AVAILABLE DATA:
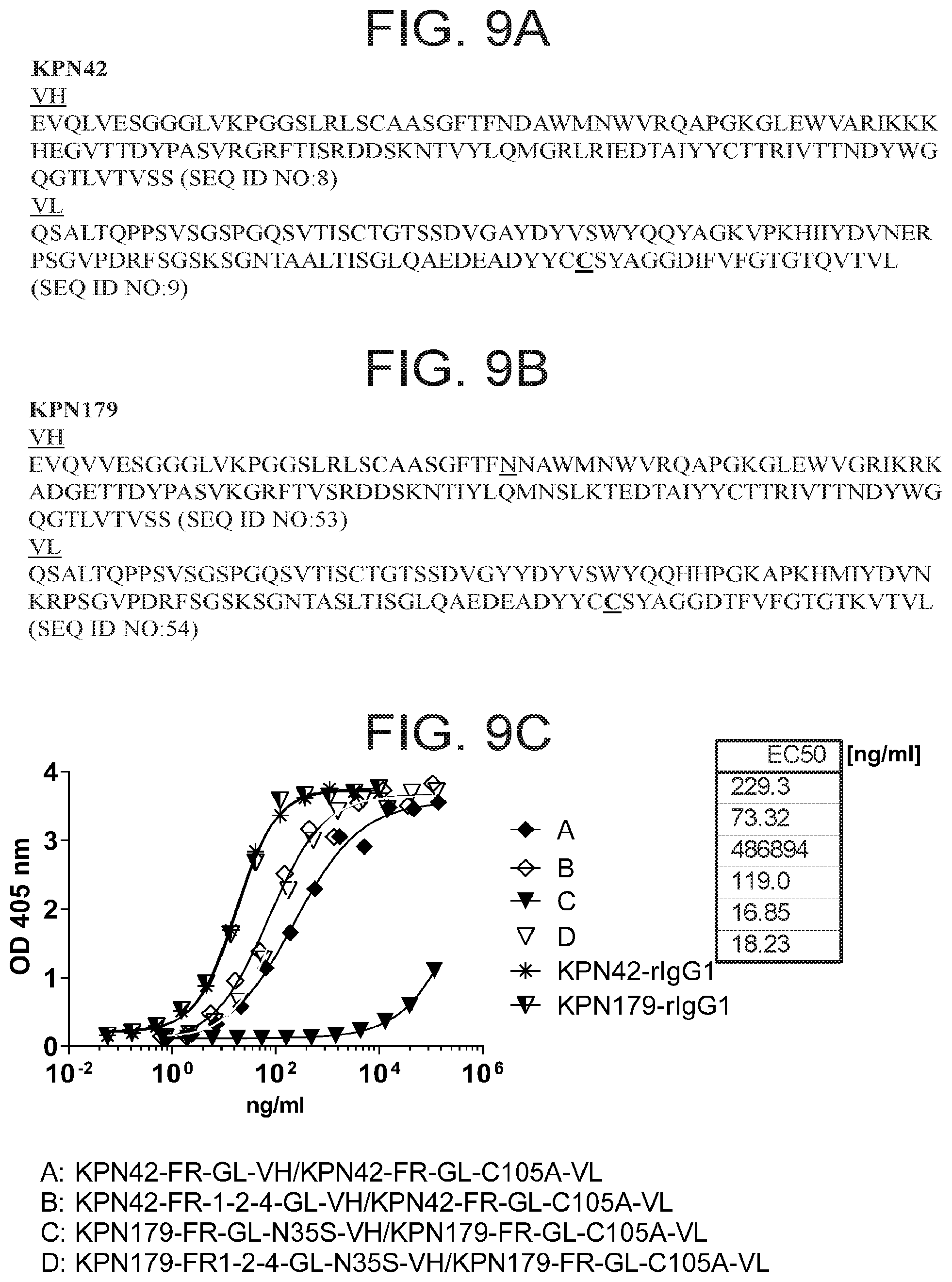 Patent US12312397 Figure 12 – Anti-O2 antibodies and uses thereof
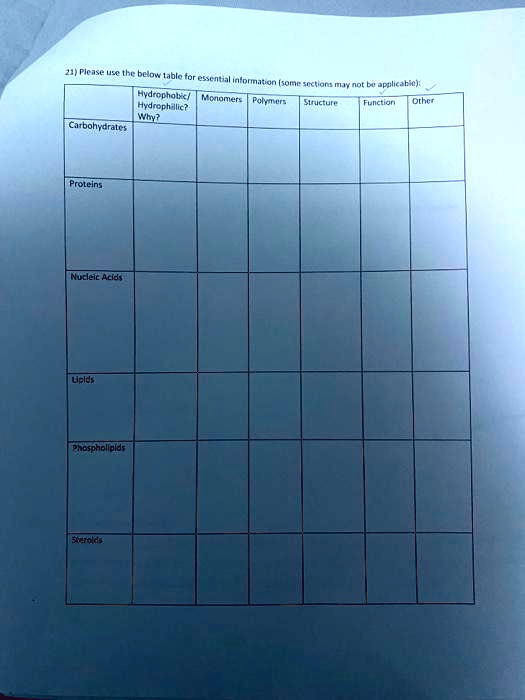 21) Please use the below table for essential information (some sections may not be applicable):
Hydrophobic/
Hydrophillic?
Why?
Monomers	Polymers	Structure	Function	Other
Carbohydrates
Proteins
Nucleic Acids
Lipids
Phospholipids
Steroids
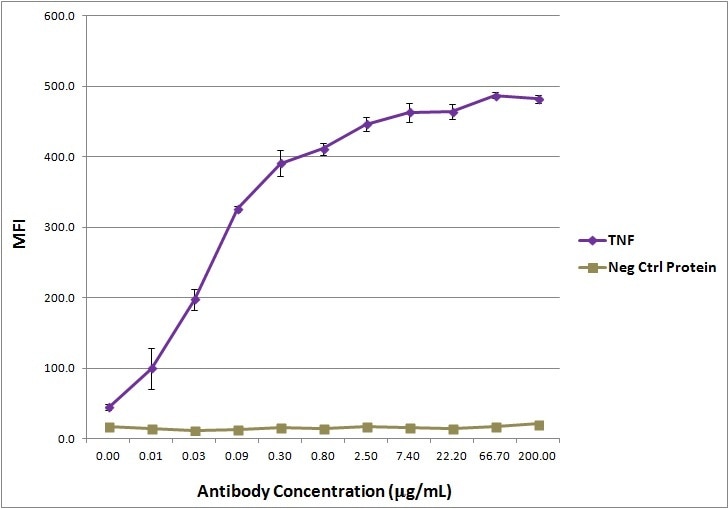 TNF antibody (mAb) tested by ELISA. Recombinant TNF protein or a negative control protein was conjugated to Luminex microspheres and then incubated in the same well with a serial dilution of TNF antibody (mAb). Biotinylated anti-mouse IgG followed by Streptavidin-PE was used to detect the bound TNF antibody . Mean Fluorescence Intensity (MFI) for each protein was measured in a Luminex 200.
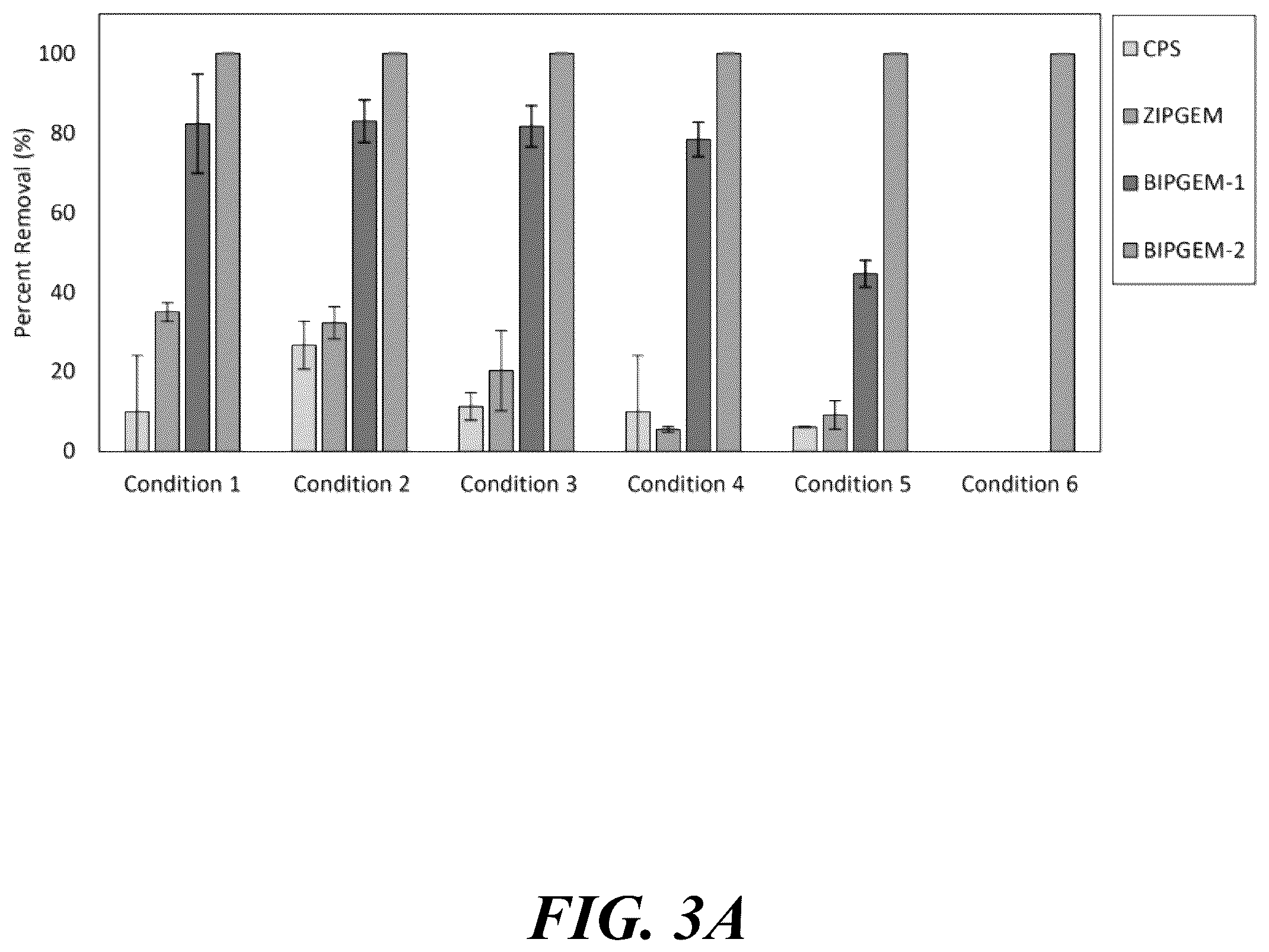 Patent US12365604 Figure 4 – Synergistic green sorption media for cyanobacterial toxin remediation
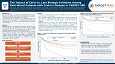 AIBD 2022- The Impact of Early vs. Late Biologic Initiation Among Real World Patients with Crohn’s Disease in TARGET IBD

WORK TASK:
Return all of the material exactly, without pictures.

YOUR RESPONSE:
 Patent US12312397 Figure 12 – Anti-O2 antibodies and uses thereof
 21) Please use the below table for essential information (some sections may not be applicable):
Hydrophobic/
Hydrophillic?
Why?
Monomers	Polymers	Structure	Function	Other
Carbohydrates
Proteins
Nucleic Acids
Lipids
Phospholipids
Steroids
 TNF antibody (mAb) tested by ELISA. Recombinant TNF protein or a negative control protein was conjugated to Luminex microspheres and then incubated in the same well with a serial dilution of TNF antibody (mAb). Biotinylated anti-mouse IgG followed by Streptavidin-PE was used to detect the bound TNF antibody . Mean Fluorescence Intensity (MFI) for each protein was measured in a Luminex 200.
 Patent US12365604 Figure 4 – Synergistic green sorption media for cyanobacterial toxin remediation
 AIBD 2022- The Impact of Early vs. Late Biologic Initiation Among Real World Patients with Crohn’s Disease in TARGET IBD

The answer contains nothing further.